Flatpakの開発者は、静的パーミッションとして知られる「サンドボックスに穴を開ける」という短期的な回避策を実装しています。彼らは、サンドボックスに関する多くの問題に対処し、Android のセキュリティ モデルのようにするために、 チャンネル呼ばれる適切な長期的ソリューションに取り組んでいます。
唯一の短期的な問題は、ツールキットやフレームワーク、アプリケーションがこれらの標準を採用しなければならないことです。GTKやQtのようなツールキットはこれらの一部を統合していますが、他のポータルも統合するには時間がかかります。その一方で、他の多くのツールキットはまだどのポータルも統合していません。
XDGポータルには適切な標準がないため、ツールキット、フレームワーク、アプリケーションによるこれらの新しい標準の採用は時間の問題です。アプリケーションはファイルシステムやAPIに直接アクセスできるため、静的パーミッションがこの「標準」を維持します。
はんけつをくだす
従来のパッケージ形式の根本的な問題は、コンテナを利用しないことです。多くのグラフィカル・アプリケーションは本質的に複雑で、期待通りに動作するためには非常に特殊な依存関係を必要とします。多くのディストリビューションは、アプリケーションにパッチを当てたり、特定のビルドオプションを無効にするなどの回避策を使って、異なる環境で同じアプリケーションをビルドします。その結果、アプリケーションのバリエーションが異なり、動作が一貫せず、標準以下のユーザーエクスペリエンスになります。

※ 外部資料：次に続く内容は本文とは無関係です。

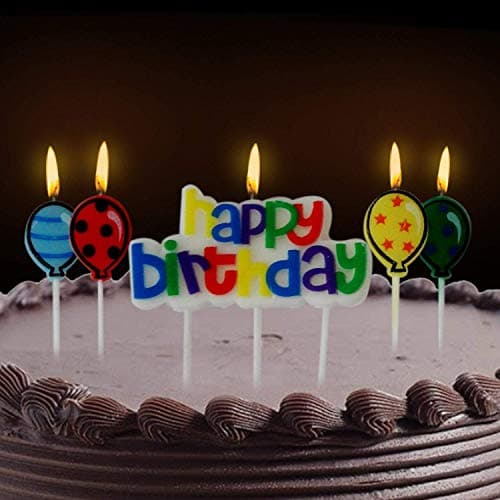 Festiko® Happy Birthday for All 1st/One/6/half Months Birthday Decoration Cake Cutting or Romantic Surprise Decoration (Happy Birthday Balloon Candle)
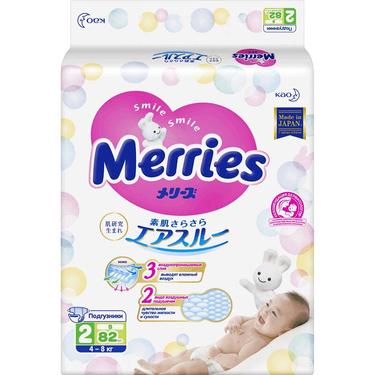 Merries 2 Подгузники детские 4-8 кг 82 шт
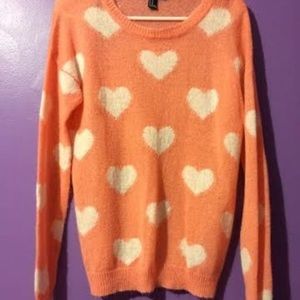 Coral Heart Sweater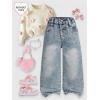image:imageGORGLITTER Girls Baggy Jeans Denim High Waisted Heart Graphic Print Straight Wide Leg Cargo Joggers PantsBlue Heart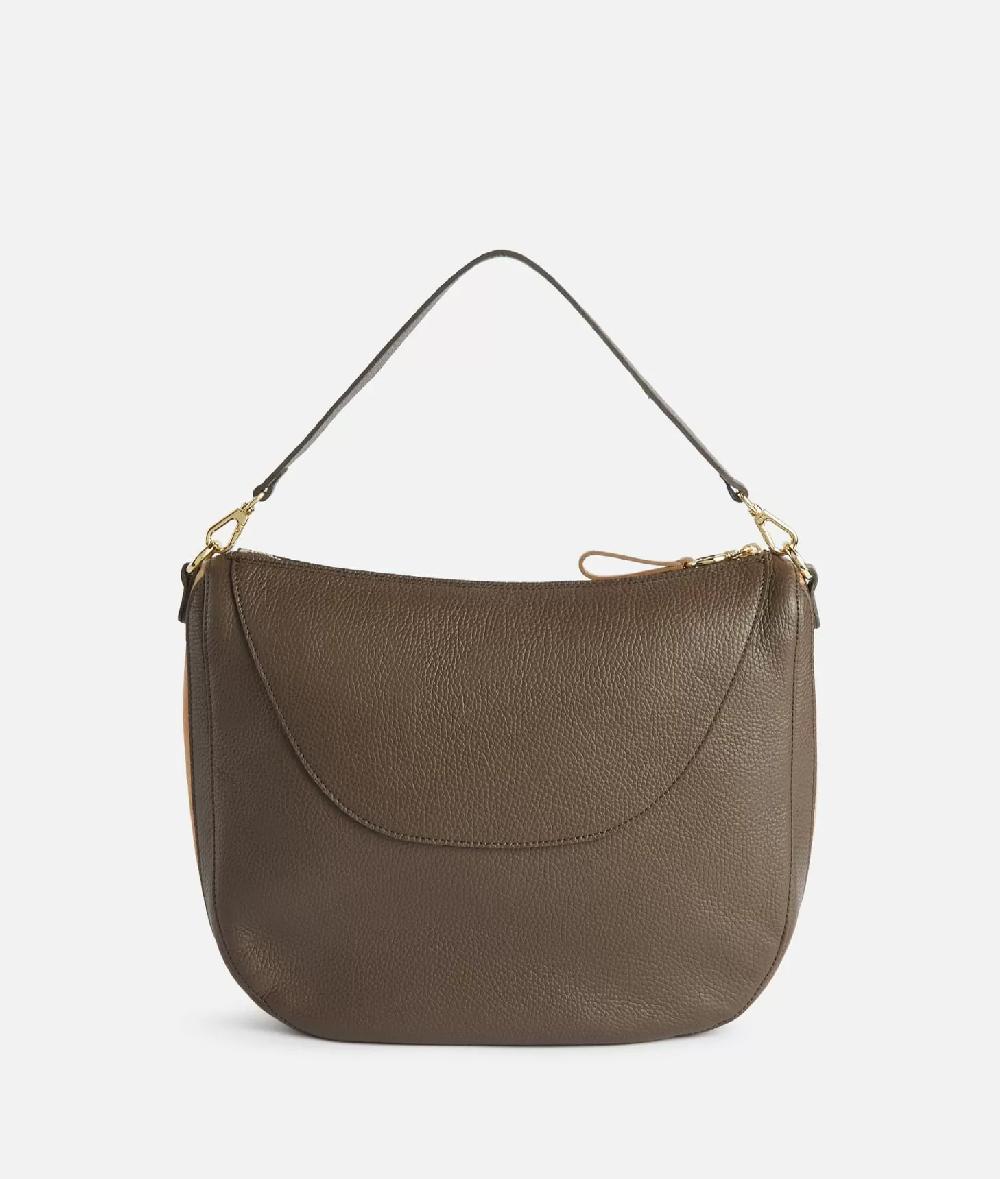 Alviero Martini 1a Classe Universe Leather Tracolla A Mezzaluna Media Taupe Scuro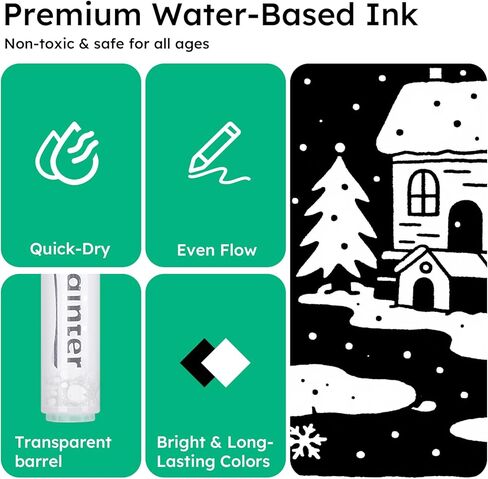 AKARUED Black Acrylic Paint Markers: 8 Pack Black Paint pen, Acrylic Black Paint Marker for Rock Painting, Stone, Wood, Glass, Metallic, Ceramic, Graffiti, Paper, Drawing, Water-Based Paint pens Sets in Kuwait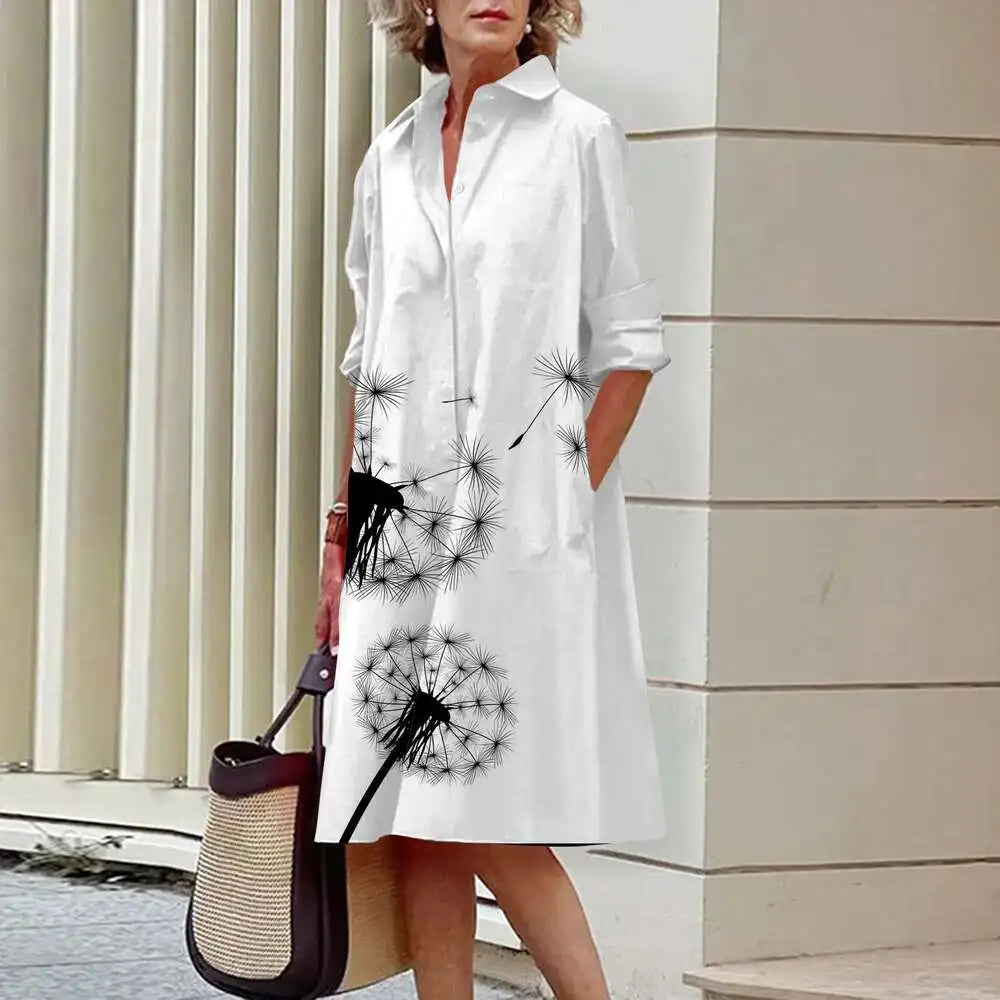 Heidi-Mode | Damen Elegante Hemdblusenkleider Herbstmode Blumen Lange Ärmel Lockere A-Linien Kleider Frauen Büro Damen Rote Grüne Revers Kleider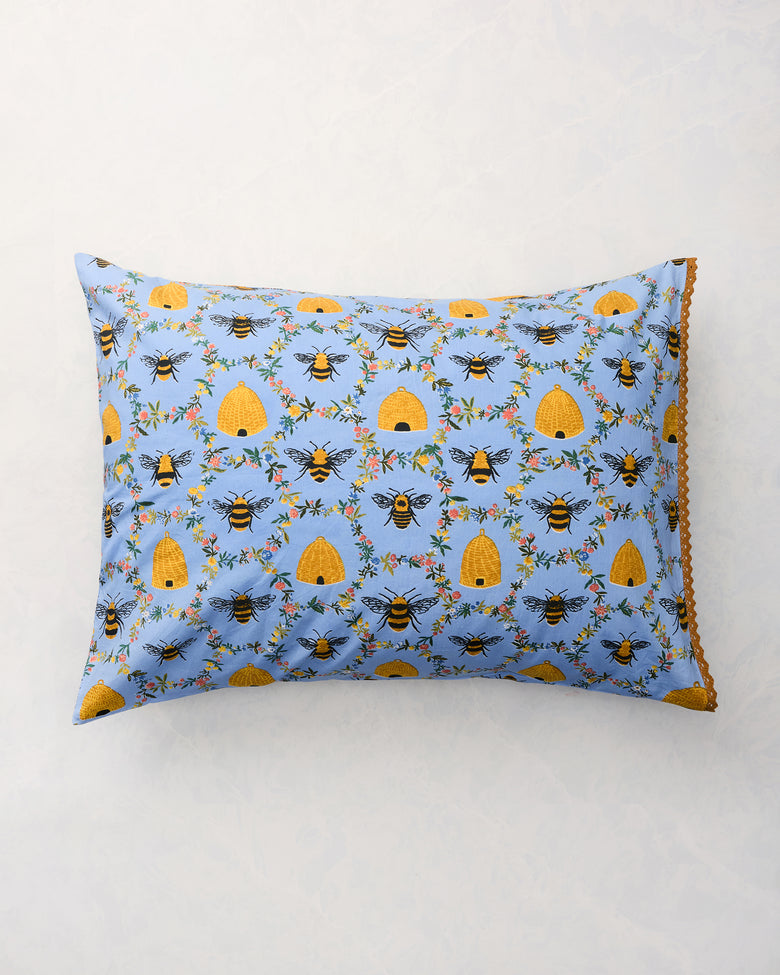 Sweet Bee - Pillowcase Set Of 2 - Soft Blue - Printfresh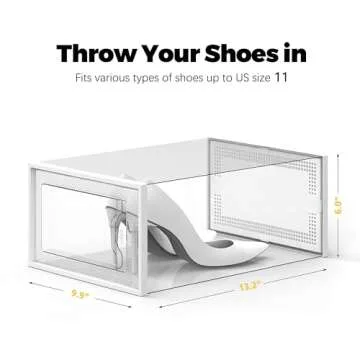 SEE SPRING Sturdy Stackable Shoe Storage Box 12 Pack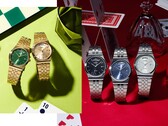Zdjęcie promocyjne przedstawiające kolekcję MTP-B146 firmy Casio, obejmującą zegarki ze stali nierdzewnej w kolorze srebrnym i złotym, z czarnymi, jasnoniebieskimi, zielonymi i w kolorze szampana tarczami, z których każda posiada zakrzywiony wskaźnik dnia tygodnia w pozycji godziny 12.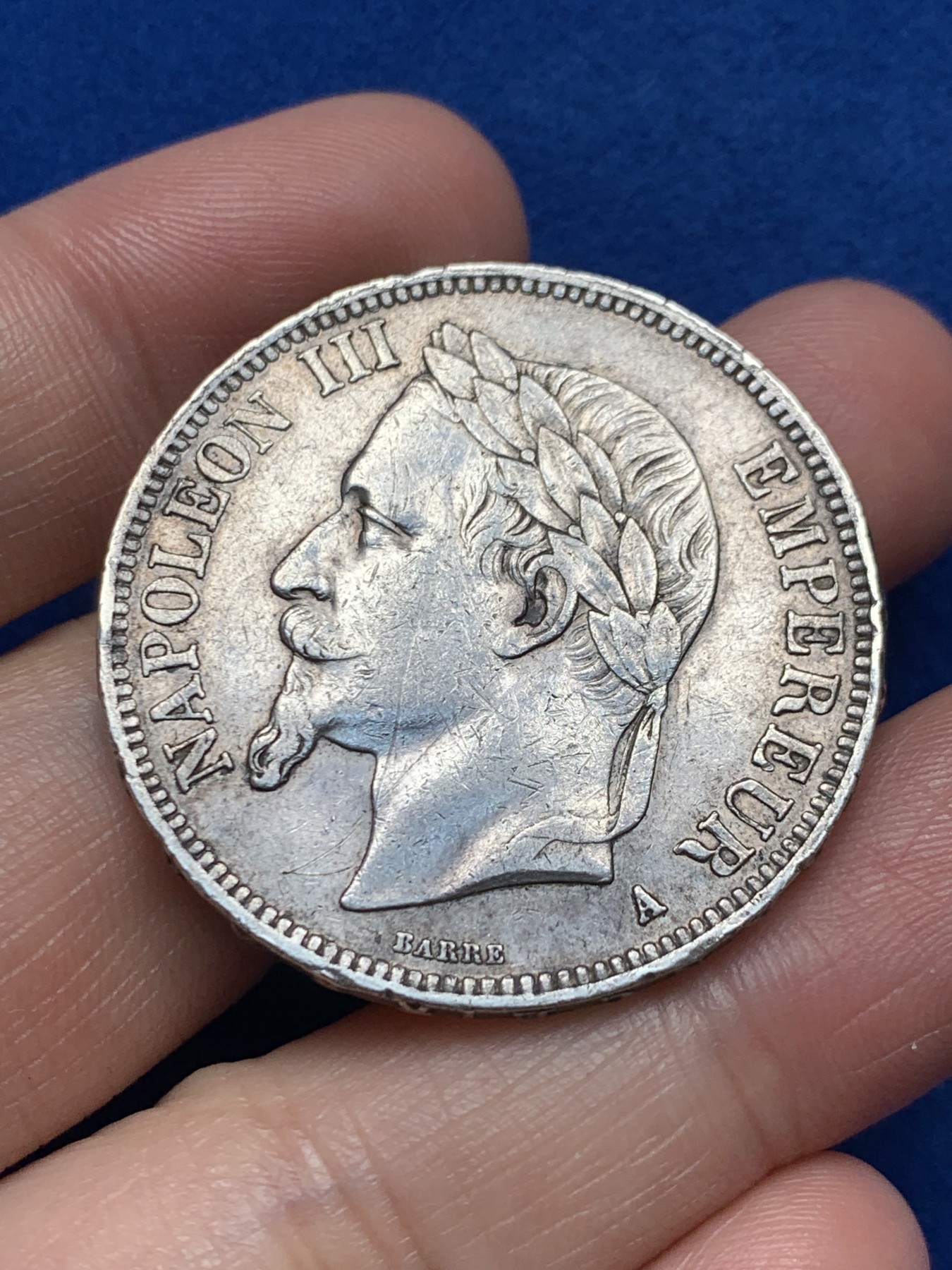 《竞宝斋》第263场-周日，周一 2场连拍 (全场包邮) 法国 1868年 5法郎 拿破仑三世 大银币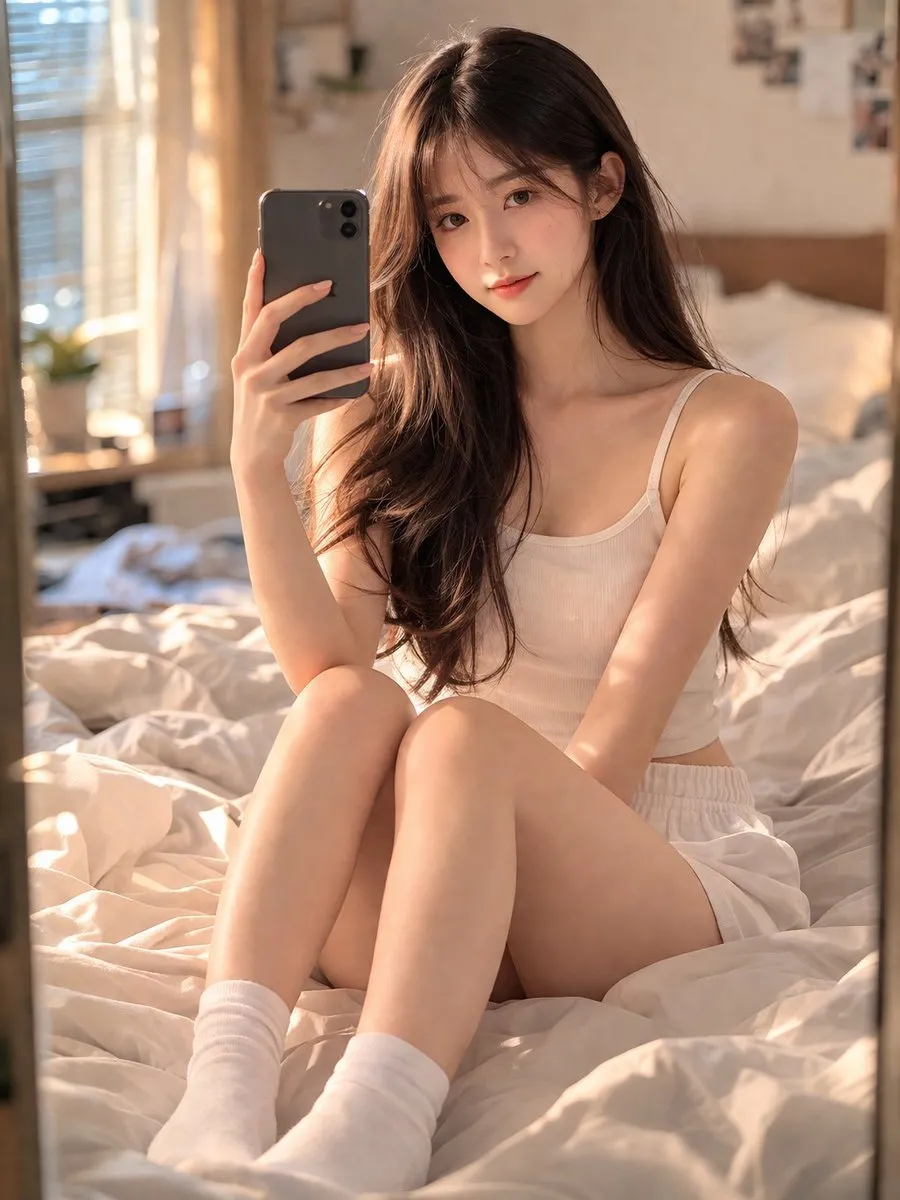 Intimate Chinese Girl Bedroom Mirror Selfie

もちろん、ディストリビューションのメンテナが数日でパッケージマネージャを書き換え、コンテナを使用することは現実的に不可能です。そのような書き換えは多くのスクリプトや機能などを壊してしまうでしょうし、本番環境に導入するには長い時間がかかるでしょう。
Flatpakは既存のディストリビューションを拡張するものであり、置き換えるものではないからです。なぜなら、Flatpakは既存のディストリビューションを拡張するものであって、置き換えるものではないからです。パッケージャは、アプリケーションのパッケージングや回避策について心配する必要はありません。
Hariは、Fedora MagazineのFedora Editorial Boardのメンバーであり、Fedoea Quality Assuranceのメンバーでもあります。また、Fedoea Quality Assuranceのメンバーでもあります。Hariは、様々なテクノロジーを普及させ、それを必要とする人々を支援することで、Linuxデスクトップの普及に貢献したいと考えています。
本記事で述べられている見解および意見は、筆者のものであり、意見を代表するものではありません。